He suggested a limit in reality of course, but despite this Artaud is saying that there are no real limits to which theatre cant seek.     

Cruelty-
The 3rd double is cruelty. 

Artaud indicated that the combination of the 3 presences are involved in the process of making theatre. The theatre that he visualized was one that could evoke, organize and present the unused dream images of our mind, and would hold on to us with its power and amaze us with its phenomenal presentation.    


The double-
The 4th double is the double. 

It suggest that "material existence is seen as an imperfect copy of what art - as a higher form of reality - symbolically expresses."  

This is the opposite of the accepted relationship between art and life: Artaud looked at theatre as a magnified mirror image. 

He suggests that life will take 2nd place to a complete and higher form of the real. 

His choice of the double as a metaphor wasn't an accident. His early interest in poetry of Romantics and the poems and stories of Edgar Allan Poe allowed him to come across the concept of the double during 19th century literature. 

This concept was pertinent to his own life and how the shadow of a double could provide meaning to and burden his theoretical writings.



The Theatre Of Cruelty

This is the title of two manifestos within The theatre and Its double which provides their name to an entirely new body of generalized shorthand when Artaud's writing was discussed. 

The title of Theatre of Cruelty generated a large debate since it was proposed by him, but its crucial to remember that it doesn't only refer to blood, murder and chaotic acts of torture. 

He intended the theatre to challenge and intensify the spectators' emotional response through the most carefully arranged set of situations. Through the stimulation of the physical and emotional senses, the audience needed to be kept in a constant state of uncertainty, resulting to overwhelming emotional release. 


Staging The Theatre Of Cruelty

Auditorium and audience-
The auditorium would be enclosed within 4 walls, stripped of any decorations, with the audience seated below, in the centre, on swivelling chairs, which allows them to follow the show taking place all around them.  

No other practitioner in the 20th century searched for such an essential solution to the actor-audience relationship. The idea continues to challenge us based on its emphasis on 'below' it implies that the audience is both trapped and in a powerless area. 

The problem of the audience in the middle is a vital one and it needs to be admitted, rarely achieved. He envisioned the vortex, a circular shifting shape into which the performance could arise, drawing the audience into complete sensory identification with the performance. 

The invasion of the audience by the actor was one of the most important practical developments from Artaud's theory and resulted in the creation of theatres where these boundaries were re-examined and, in a few cases, eliminated. 


Sound-
In Artaud's vision of theatre there was always a large emphasis on sound, he realised its power to engage an audience's inner sense. 

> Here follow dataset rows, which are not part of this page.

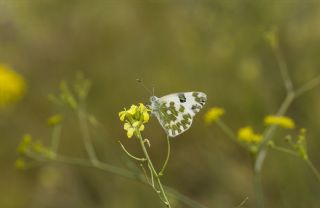Yeni Beneklimelek (Pontia edusa)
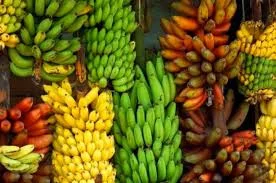 Cameroun : les exportations de banane baissent de 10% en mai 2025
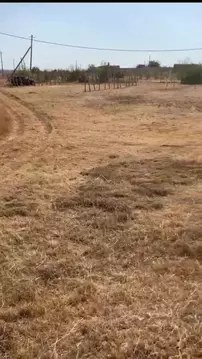 Участок в Крым, Сакский район, с. Орехово  (12.0 сот.)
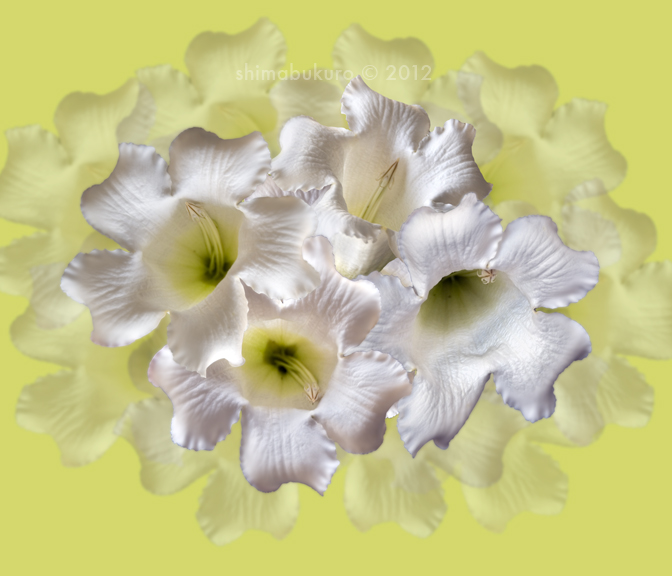 Beaumontia grandiflora 'Easter Lily Vine'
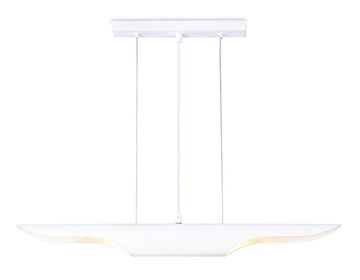 Подвесной светильник 2*Е27 TN5155/2 WH белый Techno Ambrella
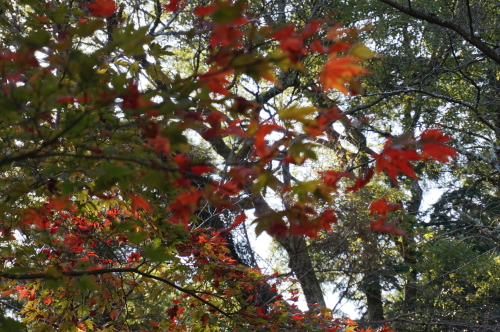 宮島・紅葉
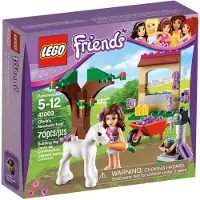 LEGO Friends Olivias Fohlen, Mehrfarben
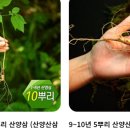 백년지기 이미지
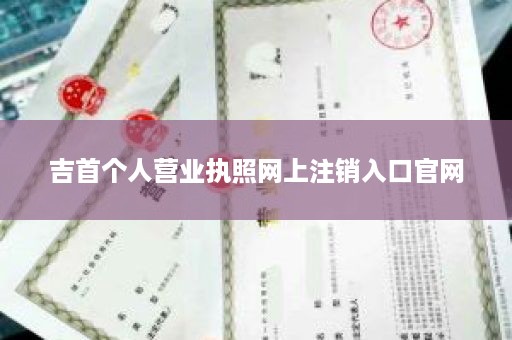吉首个人营业执照网上注销入口官网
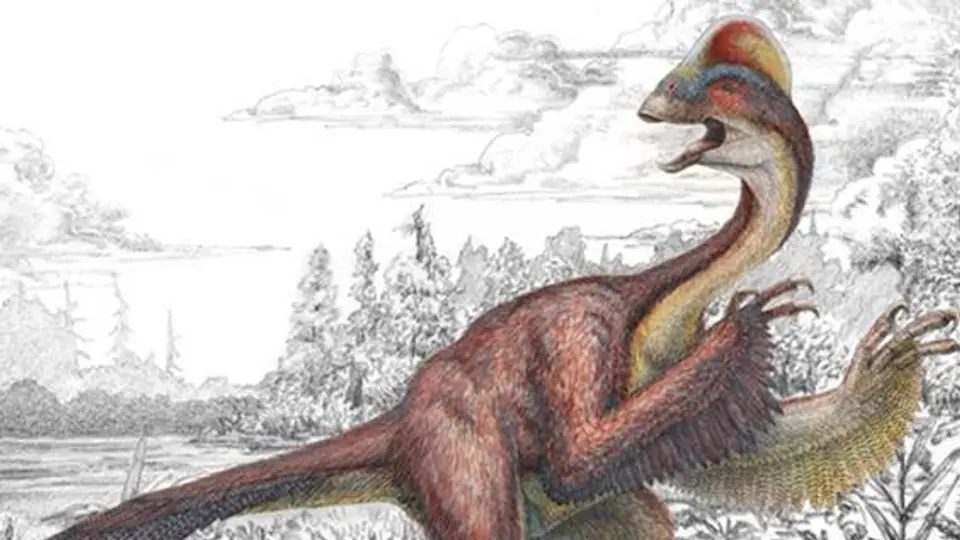 Paleontólogos hallan nuevo 'dinosaurio gallina'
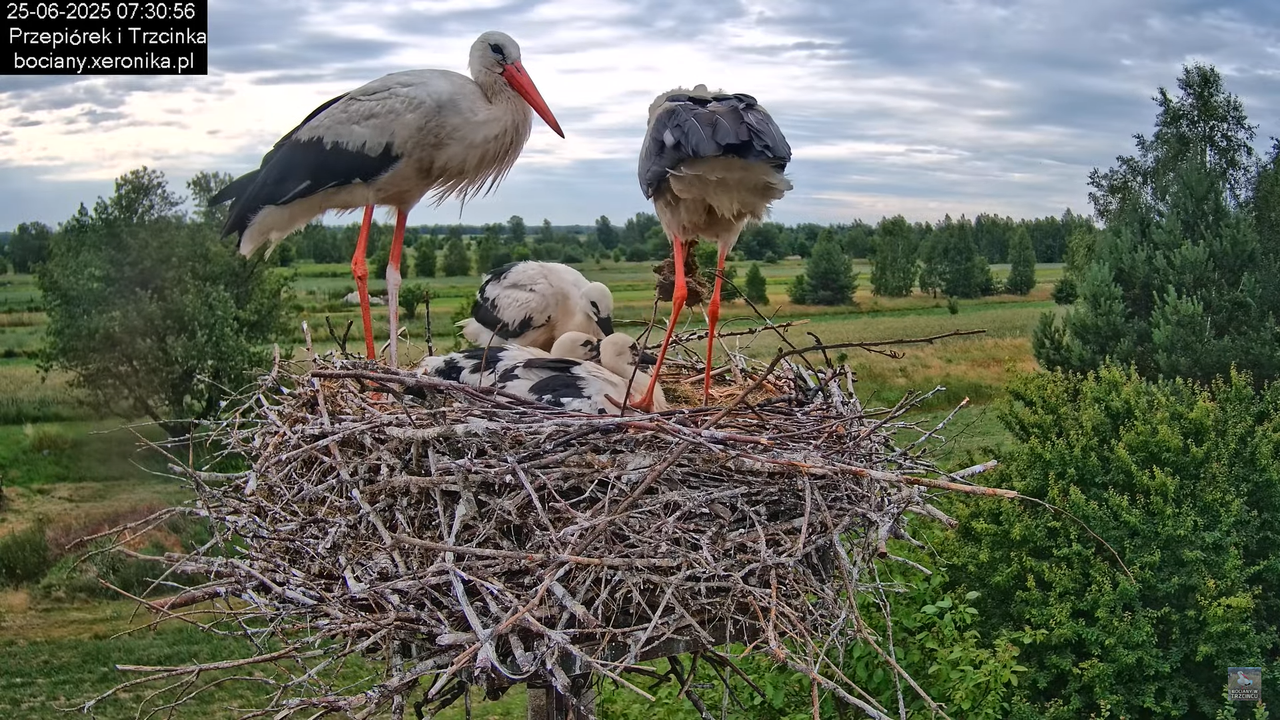 25062025bociany23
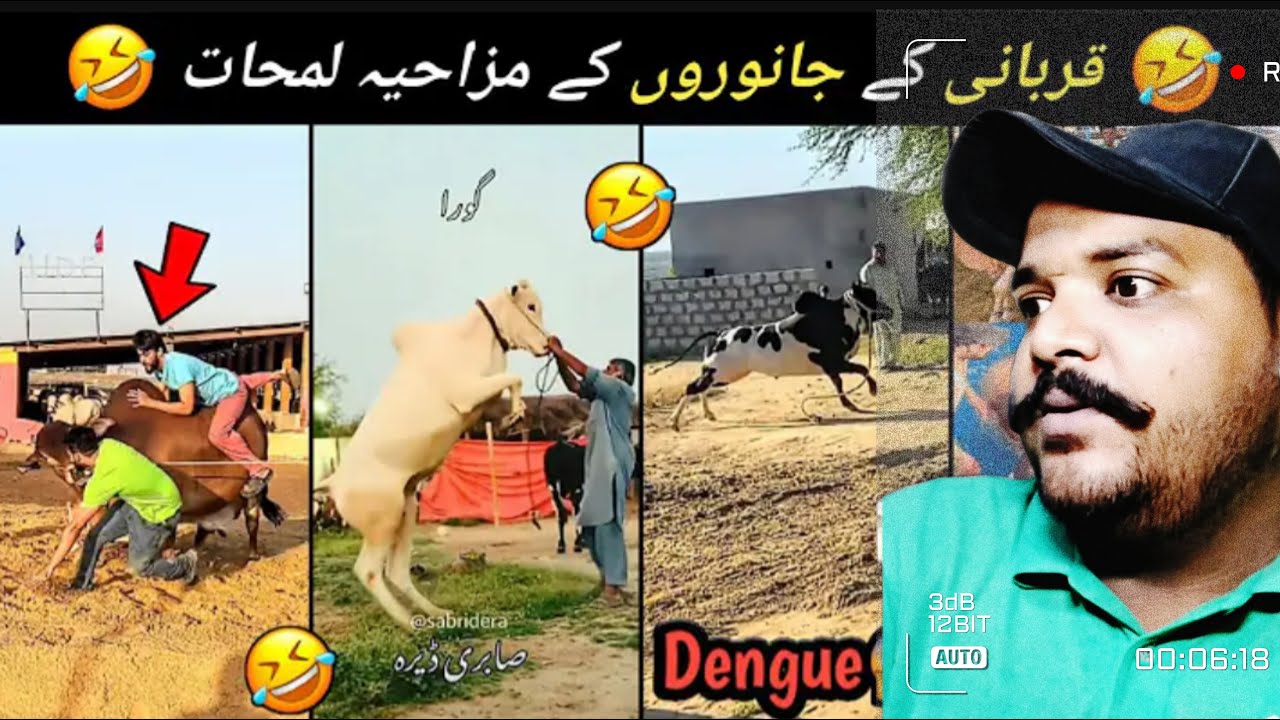 Dangerous qurbani moments 2025 🥺 || Eid UL Azha Funny Animals Attacks | Pakistan Reaction on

Music and instruments played a part in the mise-en-scene as well; he suggested they might be part of the set and that through 'vibrations' the audience would be charmed.  


Lighting- 
Artaud saw lighting as a force, that could be used in conjunction with other factors of staging to become an almost physical piece of the action. 

Film- 
He was an actor, so he tended to be dismissive about film and the role it may have in theatre. Can shock by its juxtaposition of imagery, of the live actor and film.